From the data underneath, reproduce exactly the stretch that begins at the line with "Gold Tone White" and ends after the line with "Parkeringsvakter hjälper till vid ankomst. Parkeringsvakter".

[[ DATA PROVIDED, beginning ]]

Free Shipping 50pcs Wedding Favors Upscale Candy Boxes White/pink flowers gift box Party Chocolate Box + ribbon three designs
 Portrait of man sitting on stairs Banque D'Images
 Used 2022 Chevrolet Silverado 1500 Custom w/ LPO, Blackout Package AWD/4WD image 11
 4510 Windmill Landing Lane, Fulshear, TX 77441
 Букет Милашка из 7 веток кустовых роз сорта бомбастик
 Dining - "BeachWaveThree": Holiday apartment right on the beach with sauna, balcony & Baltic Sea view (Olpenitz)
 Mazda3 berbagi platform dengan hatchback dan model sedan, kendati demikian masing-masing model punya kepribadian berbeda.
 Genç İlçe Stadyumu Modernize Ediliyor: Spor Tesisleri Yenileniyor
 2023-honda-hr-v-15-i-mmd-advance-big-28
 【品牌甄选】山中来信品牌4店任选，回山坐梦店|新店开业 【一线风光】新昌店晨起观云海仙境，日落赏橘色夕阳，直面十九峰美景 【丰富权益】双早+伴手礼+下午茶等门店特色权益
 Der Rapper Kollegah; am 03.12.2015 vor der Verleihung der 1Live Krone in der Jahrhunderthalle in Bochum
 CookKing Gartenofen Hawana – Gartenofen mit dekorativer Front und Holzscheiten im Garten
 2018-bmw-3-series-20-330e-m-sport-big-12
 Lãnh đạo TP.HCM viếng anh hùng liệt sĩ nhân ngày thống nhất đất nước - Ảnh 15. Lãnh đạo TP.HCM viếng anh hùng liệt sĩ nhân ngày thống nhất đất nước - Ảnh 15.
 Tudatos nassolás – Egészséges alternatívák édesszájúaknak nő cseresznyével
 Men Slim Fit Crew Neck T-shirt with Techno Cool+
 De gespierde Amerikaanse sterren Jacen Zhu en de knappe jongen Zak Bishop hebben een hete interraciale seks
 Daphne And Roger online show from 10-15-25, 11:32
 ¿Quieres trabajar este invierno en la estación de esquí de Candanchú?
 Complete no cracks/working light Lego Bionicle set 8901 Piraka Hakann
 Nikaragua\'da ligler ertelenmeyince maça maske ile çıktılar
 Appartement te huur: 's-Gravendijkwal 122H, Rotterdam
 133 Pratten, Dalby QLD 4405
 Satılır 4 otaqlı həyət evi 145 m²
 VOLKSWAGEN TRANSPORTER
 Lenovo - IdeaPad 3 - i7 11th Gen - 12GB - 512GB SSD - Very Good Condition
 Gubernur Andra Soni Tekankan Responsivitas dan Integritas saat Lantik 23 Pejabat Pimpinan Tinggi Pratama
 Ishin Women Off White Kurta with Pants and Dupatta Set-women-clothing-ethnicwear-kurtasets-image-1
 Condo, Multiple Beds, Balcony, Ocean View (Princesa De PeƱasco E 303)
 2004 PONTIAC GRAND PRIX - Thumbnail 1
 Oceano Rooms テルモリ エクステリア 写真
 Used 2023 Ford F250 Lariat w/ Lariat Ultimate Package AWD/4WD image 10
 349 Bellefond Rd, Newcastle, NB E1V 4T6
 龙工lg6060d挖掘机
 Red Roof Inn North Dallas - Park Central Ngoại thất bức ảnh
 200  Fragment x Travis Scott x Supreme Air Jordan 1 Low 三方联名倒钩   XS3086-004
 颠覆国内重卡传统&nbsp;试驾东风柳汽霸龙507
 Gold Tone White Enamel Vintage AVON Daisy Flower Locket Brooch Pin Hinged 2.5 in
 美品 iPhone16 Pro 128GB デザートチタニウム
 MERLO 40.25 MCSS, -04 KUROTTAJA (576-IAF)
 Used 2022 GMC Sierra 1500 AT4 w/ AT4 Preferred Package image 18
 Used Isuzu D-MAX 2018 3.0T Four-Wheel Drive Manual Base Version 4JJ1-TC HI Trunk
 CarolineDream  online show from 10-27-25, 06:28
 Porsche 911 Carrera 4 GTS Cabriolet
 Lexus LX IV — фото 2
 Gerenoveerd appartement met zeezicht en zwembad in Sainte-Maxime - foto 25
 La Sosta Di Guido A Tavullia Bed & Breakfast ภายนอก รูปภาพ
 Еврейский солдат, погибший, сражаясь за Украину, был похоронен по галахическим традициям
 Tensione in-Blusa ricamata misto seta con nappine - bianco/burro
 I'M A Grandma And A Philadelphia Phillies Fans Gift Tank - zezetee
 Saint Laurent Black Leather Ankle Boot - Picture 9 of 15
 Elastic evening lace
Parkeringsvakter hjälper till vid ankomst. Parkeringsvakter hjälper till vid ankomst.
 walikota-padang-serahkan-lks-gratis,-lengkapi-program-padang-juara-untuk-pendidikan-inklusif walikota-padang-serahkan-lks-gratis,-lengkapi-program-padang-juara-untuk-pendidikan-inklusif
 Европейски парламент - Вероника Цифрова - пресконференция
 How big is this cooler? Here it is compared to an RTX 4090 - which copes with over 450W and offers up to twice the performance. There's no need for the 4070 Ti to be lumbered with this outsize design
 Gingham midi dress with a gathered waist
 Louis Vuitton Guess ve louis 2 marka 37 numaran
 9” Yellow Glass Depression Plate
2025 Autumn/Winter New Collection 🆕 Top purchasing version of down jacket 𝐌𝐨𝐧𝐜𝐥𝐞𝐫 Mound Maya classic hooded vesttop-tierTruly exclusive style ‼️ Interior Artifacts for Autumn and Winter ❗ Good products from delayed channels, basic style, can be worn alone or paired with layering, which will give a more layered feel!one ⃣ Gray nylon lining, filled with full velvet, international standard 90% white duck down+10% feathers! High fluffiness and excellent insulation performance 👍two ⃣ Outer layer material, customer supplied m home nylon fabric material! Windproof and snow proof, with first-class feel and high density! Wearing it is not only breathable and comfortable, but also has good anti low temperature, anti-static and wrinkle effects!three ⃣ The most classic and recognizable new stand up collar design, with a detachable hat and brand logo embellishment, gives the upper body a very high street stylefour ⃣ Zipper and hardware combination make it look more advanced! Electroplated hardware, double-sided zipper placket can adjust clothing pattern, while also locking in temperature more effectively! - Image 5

[[ DATA PROVIDED, end ]]

-- WRITTEN ANSWER --
 Gold Tone White Enamel Vintage AVON Daisy Flower Locket Brooch Pin Hinged 2.5 in
 美品 iPhone16 Pro 128GB デザートチタニウム
 MERLO 40.25 MCSS, -04 KUROTTAJA (576-IAF)
 Used 2022 GMC Sierra 1500 AT4 w/ AT4 Preferred Package image 18
 Used Isuzu D-MAX 2018 3.0T Four-Wheel Drive Manual Base Version 4JJ1-TC HI Trunk
 CarolineDream  online show from 10-27-25, 06:28
 Porsche 911 Carrera 4 GTS Cabriolet
 Lexus LX IV — фото 2
 Gerenoveerd appartement met zeezicht en zwembad in Sainte-Maxime - foto 25
 La Sosta Di Guido A Tavullia Bed & Breakfast ภายนอก รูปภาพ
 Еврейский солдат, погибший, сражаясь за Украину, был похоронен по галахическим традициям
 Tensione in-Blusa ricamata misto seta con nappine - bianco/burro
 I'M A Grandma And A Philadelphia Phillies Fans Gift Tank - zezetee
 Saint Laurent Black Leather Ankle Boot - Picture 9 of 15
 Elastic evening lace
Parkeringsvakter hjälper till vid ankomst. Parkeringsvakter hjälper till vid ankomst.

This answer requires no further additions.